*** Data for this task ***

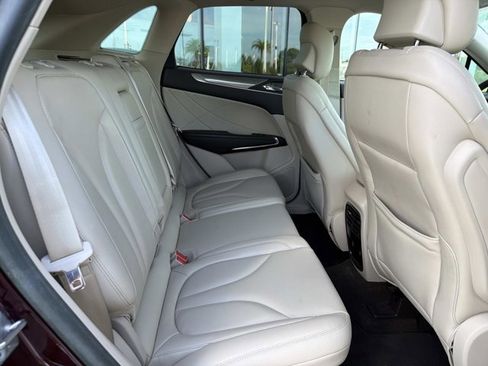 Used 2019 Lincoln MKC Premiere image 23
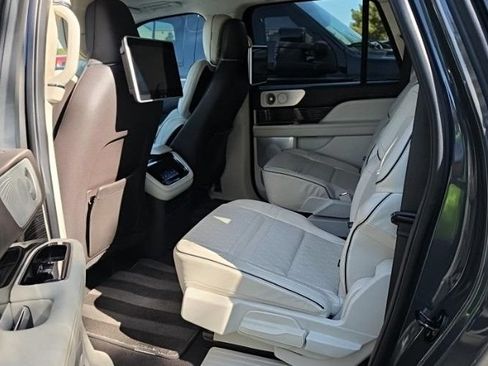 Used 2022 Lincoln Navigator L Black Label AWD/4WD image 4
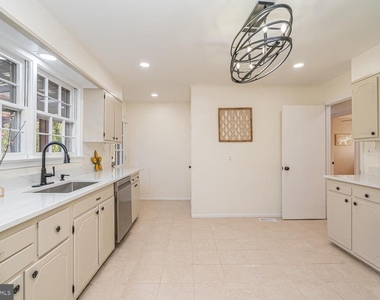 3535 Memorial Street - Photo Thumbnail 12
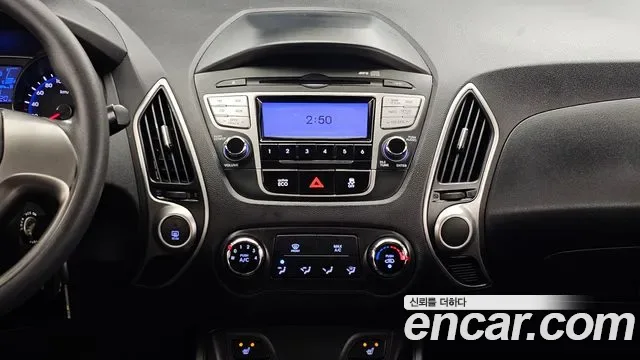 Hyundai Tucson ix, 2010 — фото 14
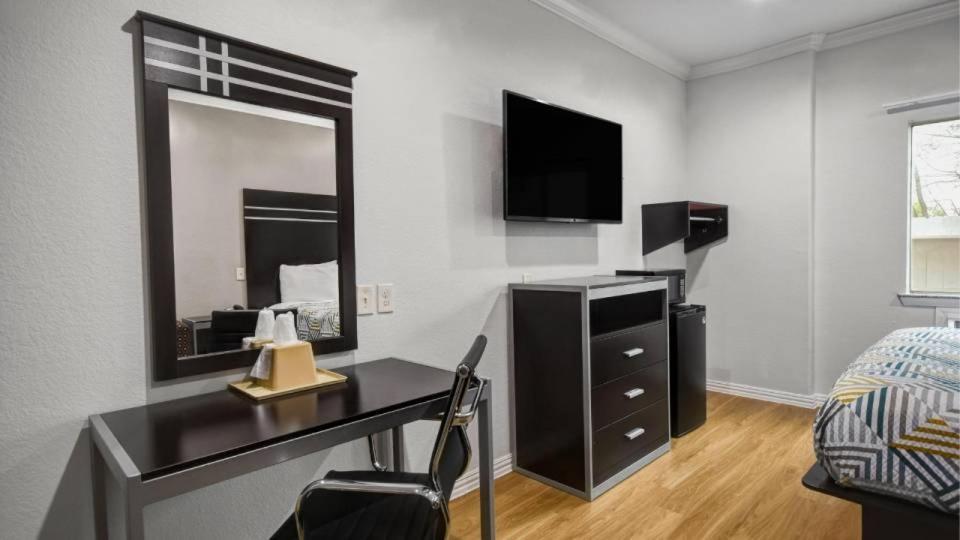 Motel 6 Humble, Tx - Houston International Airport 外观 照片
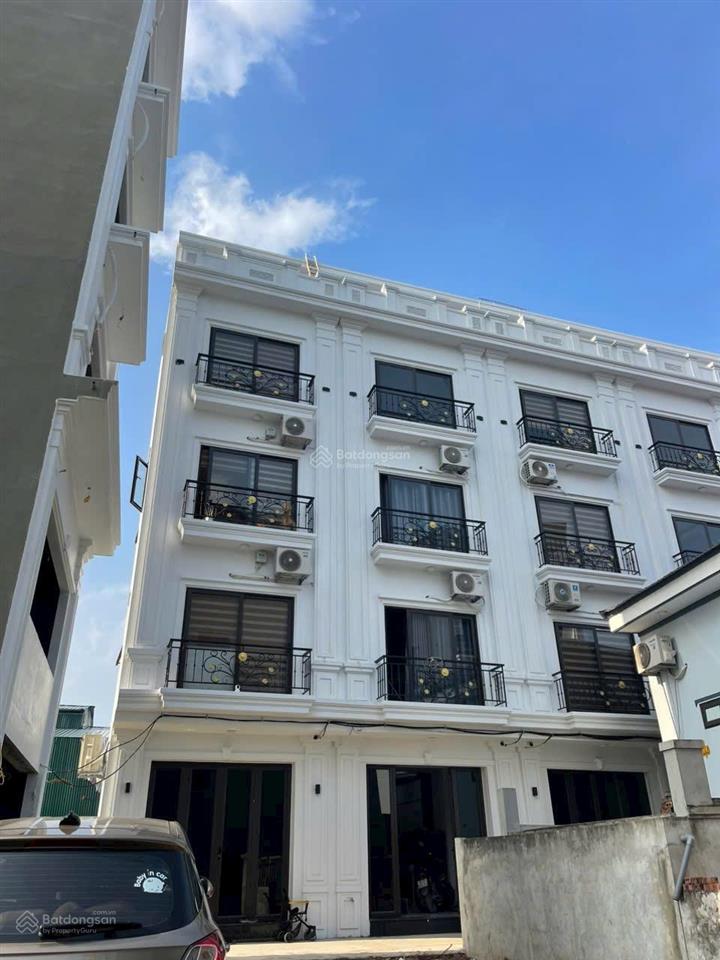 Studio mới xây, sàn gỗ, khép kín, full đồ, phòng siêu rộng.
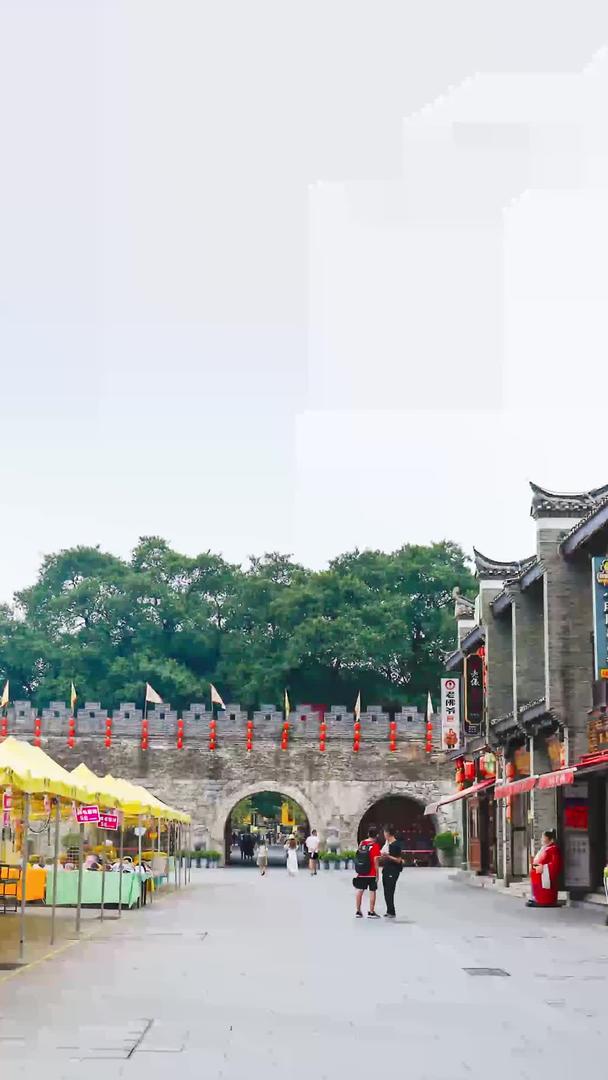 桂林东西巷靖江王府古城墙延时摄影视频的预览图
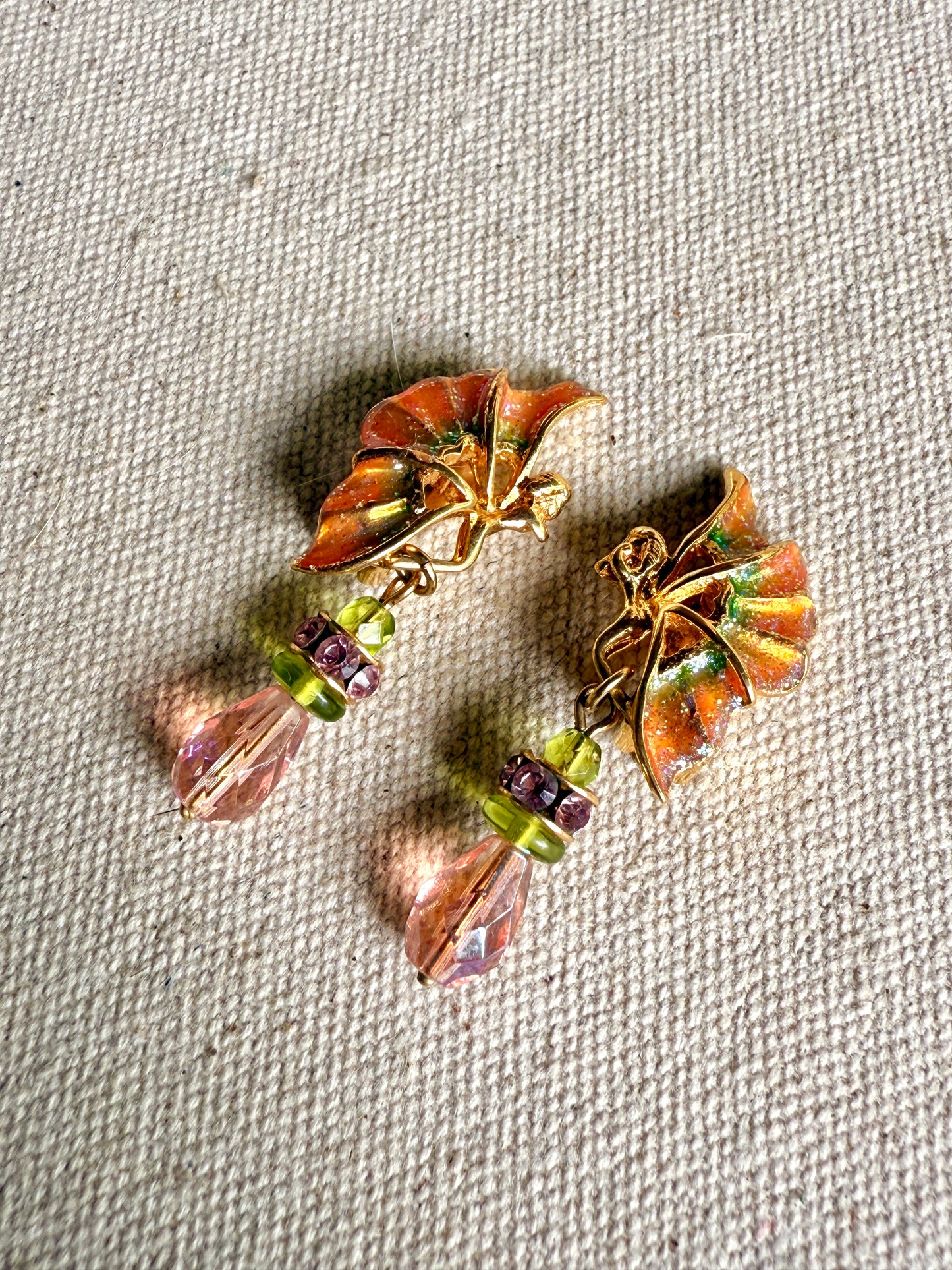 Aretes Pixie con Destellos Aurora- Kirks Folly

*** End of Data for this task ***
*** Data for this task ***

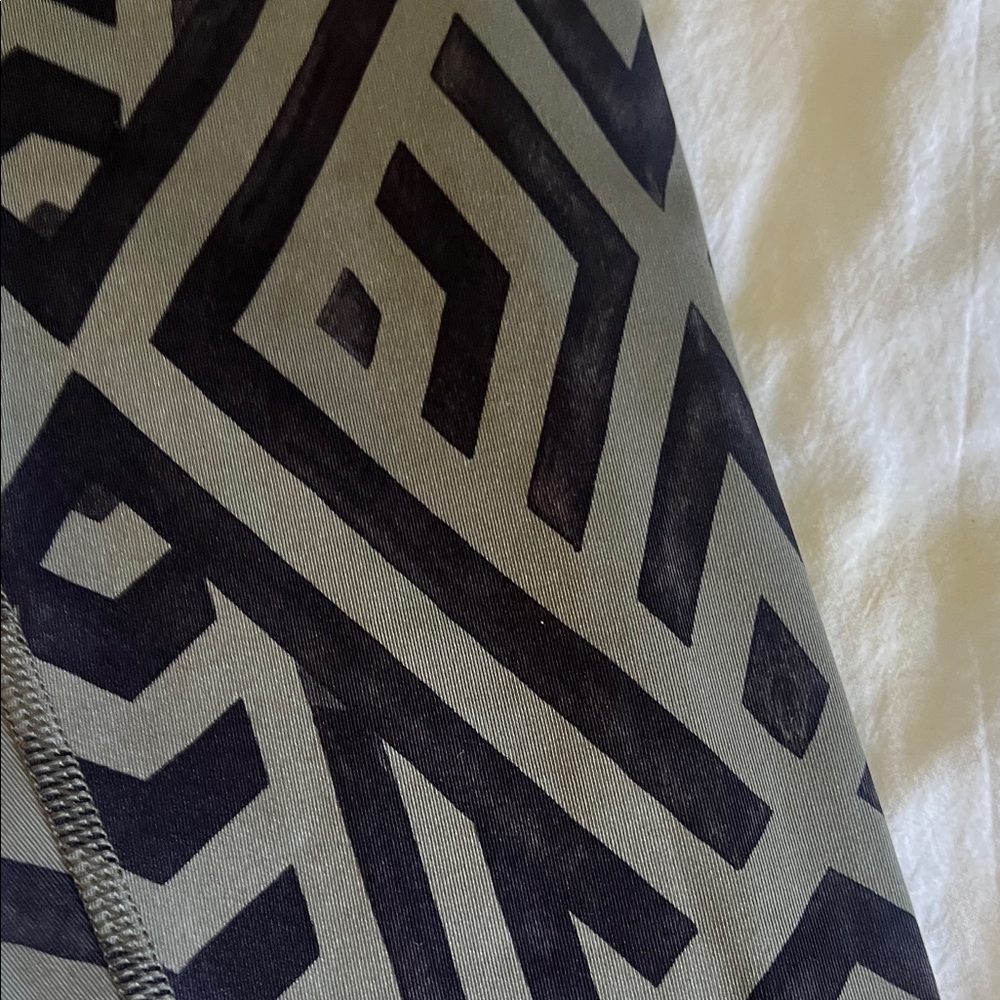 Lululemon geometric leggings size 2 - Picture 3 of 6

*** End of Data for this task ***
*** Data for this task ***

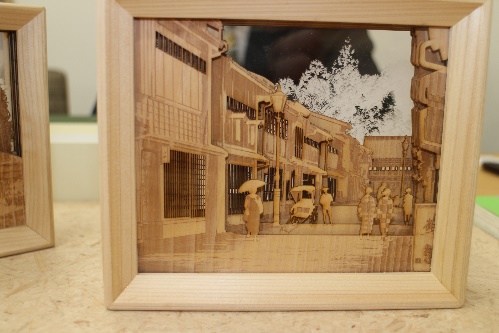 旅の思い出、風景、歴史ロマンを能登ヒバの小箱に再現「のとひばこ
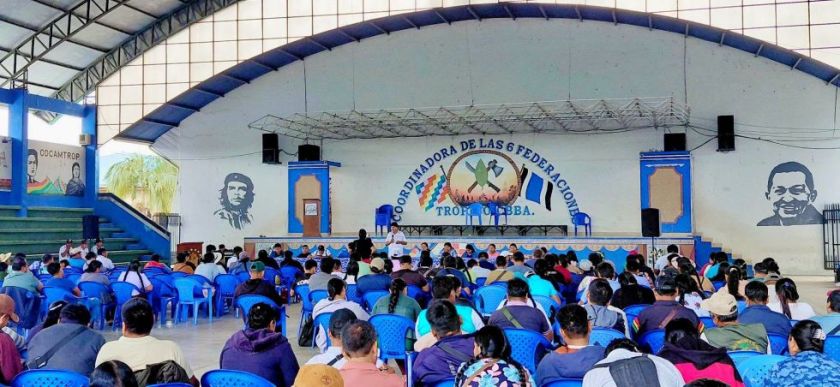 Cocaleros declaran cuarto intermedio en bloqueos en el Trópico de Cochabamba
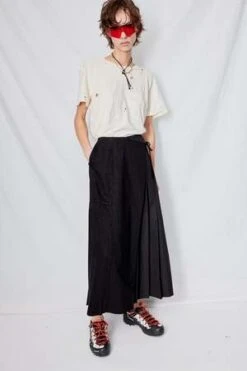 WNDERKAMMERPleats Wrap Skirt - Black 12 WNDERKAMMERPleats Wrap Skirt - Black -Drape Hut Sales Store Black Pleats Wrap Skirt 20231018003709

*** End of Data for this task ***

■ What you are asked to do:
In the data above, find the line containing "Hyundai Tucson ix, 2010 — фото 14" and the line containing "Aretes Pixie con". Repeat those two lines and everything between them exactly, minus the pictures.

■ Task result:
 Hyundai Tucson ix, 2010 — фото 14
 Motel 6 Humble, Tx - Houston International Airport 外观 照片
 Studio mới xây, sàn gỗ, khép kín, full đồ, phòng siêu rộng.
 桂林东西巷靖江王府古城墙延时摄影视频的预览图
 Aretes Pixie con Destellos Aurora- Kirks Folly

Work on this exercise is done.